Edge Case: If p > 0.5 and k is large, Bill’s probability is still high but the time to reach that lead can be very large. If p < 0.5 and k is large, Mark is heavily favored to reach +k (which would actually be Bill’s -k).
How would we simulate this process for large numbers of trials to empirically estimate the probability?
Although an exact formula exists, simulation can provide empirical estimates and help validate the math:
import random
def simulate_match(p, n_sims=100000):
# Returns proportion of times Bill ends up 2 games ahead
wins = 0
for _ in range(n_sims):
diff = 0
while abs(diff) < 2: # stop when diff == +2 or diff == -2
if random.random() < p:
diff += 1
else:
diff -= 1
if diff == 2:
wins += 1
return wins / n_sims
p_estimate = simulate_match(p=0.7, n_sims=10_000_00)
print("Estimated Probability for Bill (p=0.7):", p_estimate)

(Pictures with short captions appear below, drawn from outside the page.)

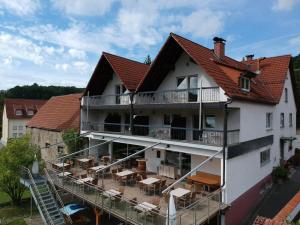 Afbeelding uit fotogalerij van Zum Kaiserwirt in Heppenheim an der Bergstrasse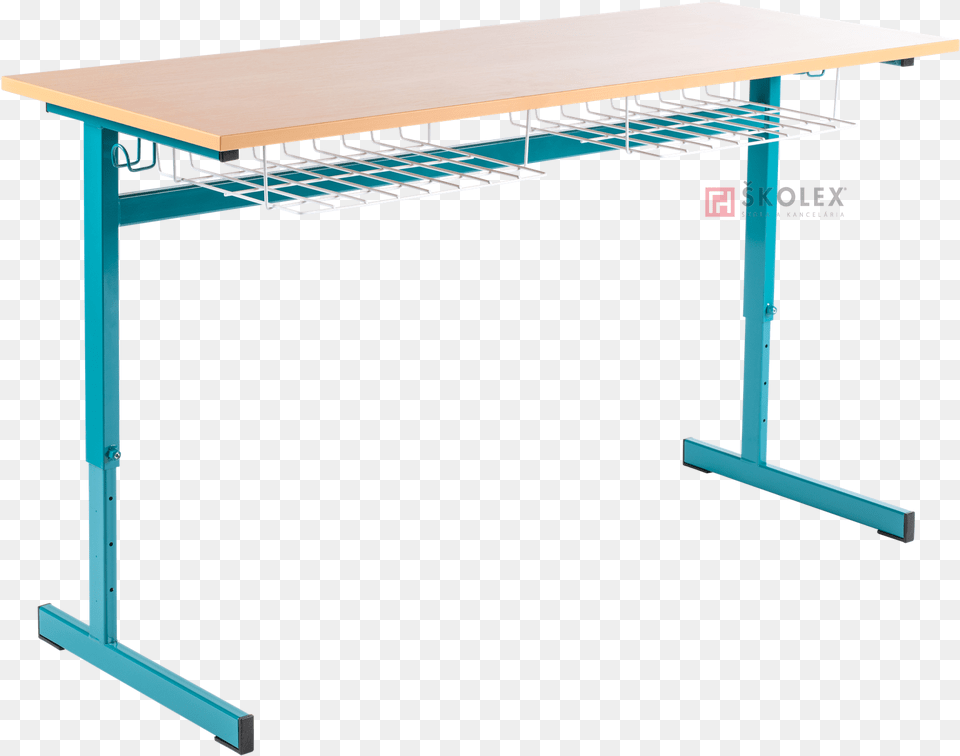 School Desk Tau Height Adjustable School Desk, Furniture, Table, Standing Desk, Dining Table Png Image
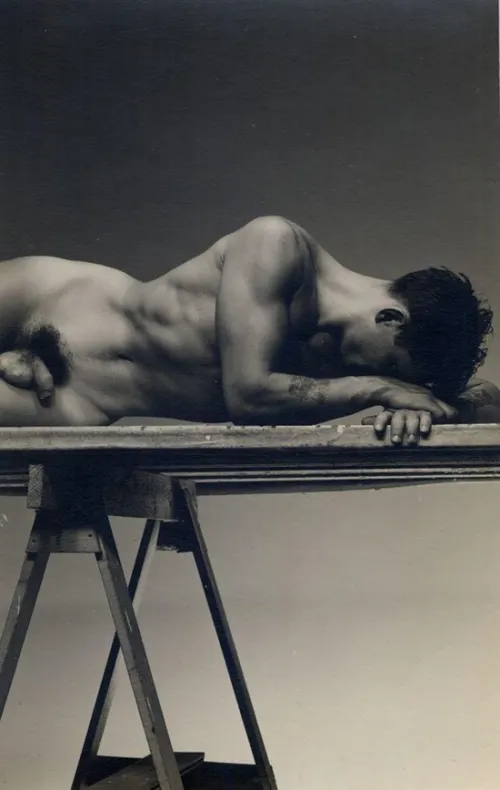 Artist George Platt Lynes, 1940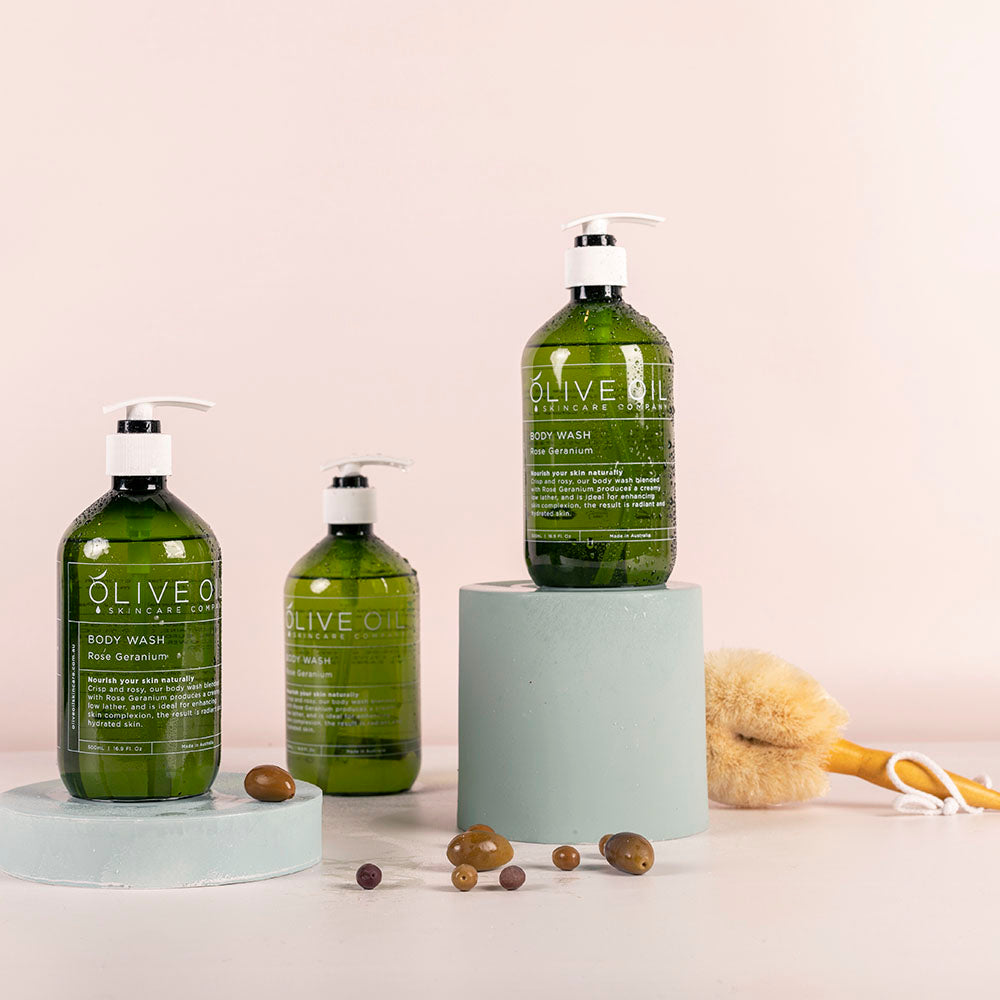 Olive Oil Skincare Co. Body Wash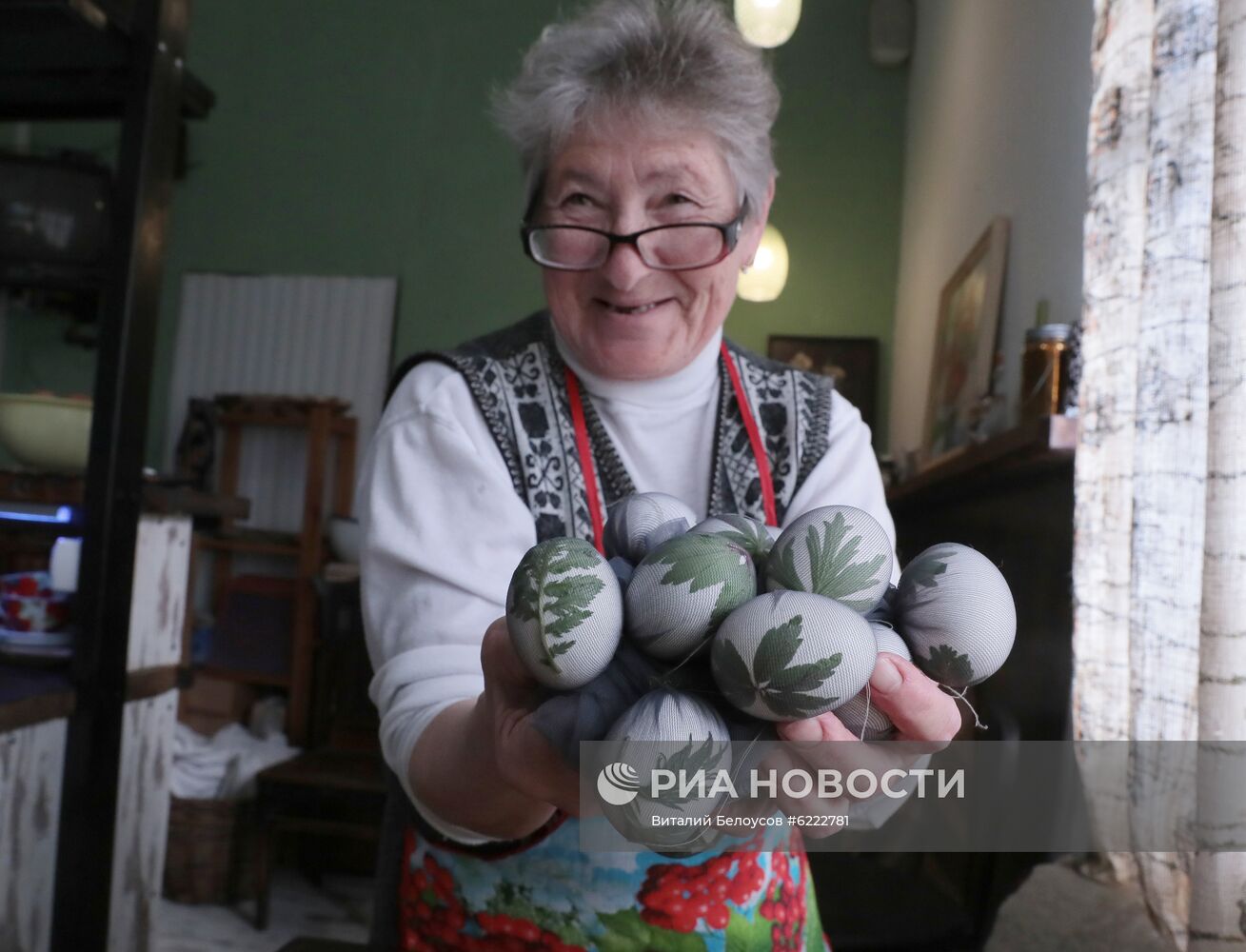 Подготовка к Пасхе в Тульской области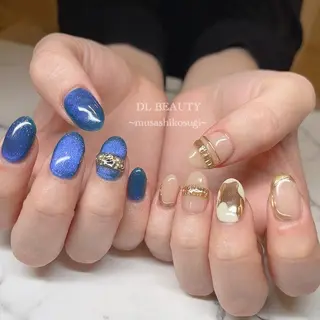 ネイル .. momoko🕊のネイルデザイン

Pitfall: For certain parameter choices, you may need a large number of simulations for stable estimates.
Edge Case: If p is extremely close to 0 or 1, the result might appear consistent with 0 or 1 after fewer simulations, but the variance for the tail events could still be non-trivial, so you might under- or overestimate the probability if not enough simulations are run.
Would it matter if the probability p changes from game to game but remains bounded away from 0.5 on average?
In real tournaments, a player’s performance might improve or worsen as the series progresses (fatigue, morale, etc.). If p is not constant, the classical formula p^2 / (p^2 + q^2) does not directly apply. Instead, each game i might have its own probability p_i. The question is how to incorporate that.
Generalization: You would model the probability of Bill winning as a non-homogeneous Markov chain, with p_i for game i. Once you start the match, you observe the outcomes sequentially, and the difference updates accordingly. There is no single closed-form expression like p^2 / (p^2 + q^2).
Pitfall: Summarizing an entire sequence p_1, p_2, p_3, ... up to indefinite length is not straightforward. You must track the distribution of states after each game.
Edge Case: If p_i is typically greater than 0.5 early on and then dips below 0.5, Bill might still have a higher chance of pulling ahead 2 games early. Alternatively, if p_i grows over time and Bill manages to stay in the match, that could drastically boost Bill’s late chances.